Fire on board, to software integration issues, to discovery of weak points in the composite metal used, to an in-flight engine shutdown, the Dreamliner has been more of a ‘nightmare’liner for Boeing. Though experts are of the opinion that this is not the end of the road for Boeing, and that revenues will continue flowing despite the fires and engine malfunctions of the 787s & 747s. The hefty order-log already recorded and expectations of huge demand from Asia and replacement orders in US & Europe will help its cause, as New York-based Alexandria Carroll of Goldman Sachs tells B&E, “For the near term, 787 & 747 challenges have the potential to create further volatility. However, we expect very strong new aircraft order demand, strong global air traffic, and the company’s supply restraint through the last cycle to all be larger positive drivers of the stock than challenges, which are a negative. The associated R&D tailwind catalyst are likely to be realised over the next few quarters.” Adds S&P’s Tortoriello, “Emerging economies in Asia and the Middle East will continue to improve, which should sustain demand for narrow-body aircraft, supporting Boeing’s total backlog of about 3,400 aircraft as of December 2010. In addition, US airlines continue to take deliveries to improve fuel efficiency of aging fleets. Further, the third-quarter 2011 delivery of the 787 should act as a catalyst for the stock, with about 850 aircraft recently on order.” While Goldman Sachs estimates revenues for Boeing in FY2011 to to touch $67.97 billion (a y-o-y rise of 5.69%), the figure as per Credit Suisse stands at $69.76 billion (rise of 8.48%).

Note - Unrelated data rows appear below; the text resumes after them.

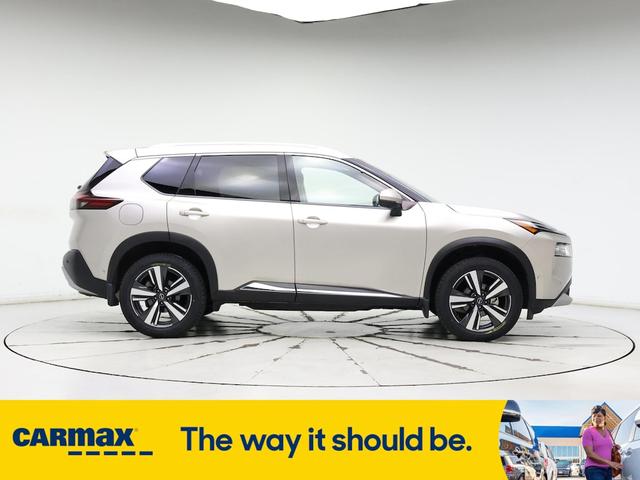 Photo of 2022 Tan Nissan Rogue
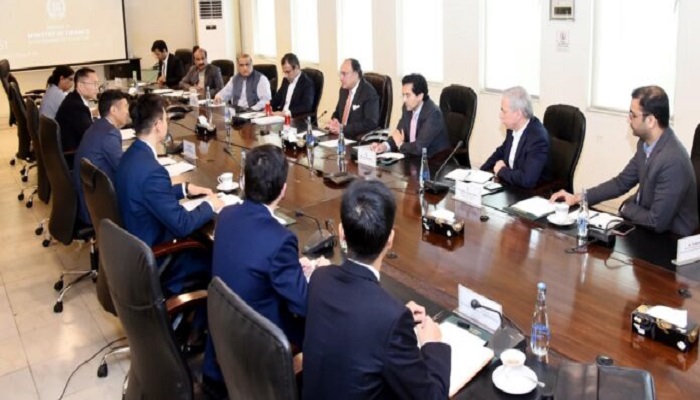 Aurangzeb reiterates govt’s commitment to bolstering energy sector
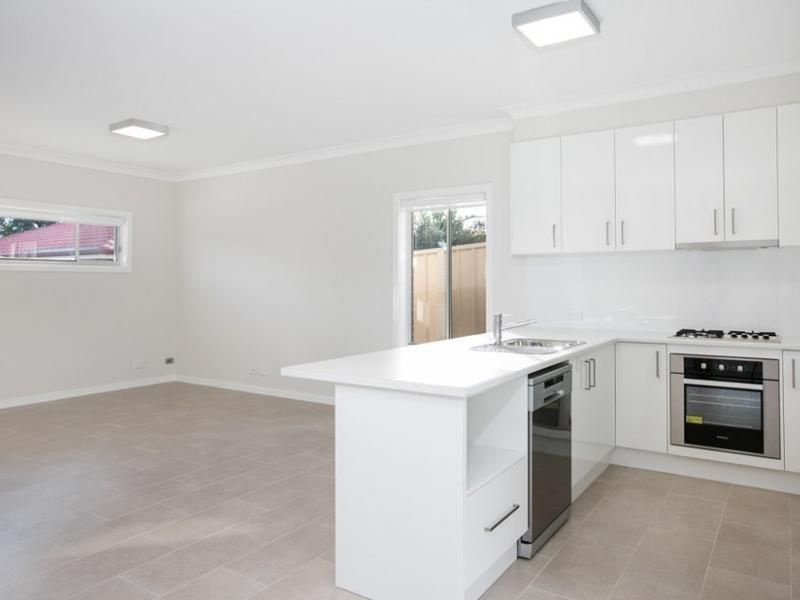 3/60 Kingston Street, Oak Flats, NSW 2529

Having said thus, McNerney has to realise that the storm will only gather over the coming quarters, faster and stronger than it did in the three years gone by. It’s more than half of his company’s revenues at stake (assuming that the Pentagon will continue to patronise Boeing’s Defense business as EU does to EADS-Airbus), and the clock for him is running backwards. He’s done nothing to make investors smile (Boeing’s Mcap has fallen by $2.13 billion since he took over in June 2005) and McNerney might be out before Boeing even gets out of this rut. In short, he has little time to prove that an intergalactic outsourcing strategy can work. If it hasn’t in seven years, it perhaps never will. Many airlines have bet their future on Boeing, and this equation can turn turbid sooner than expected, irrespective of how many dollars and elbow grease the new projects have called for. And it is already showing signs of that.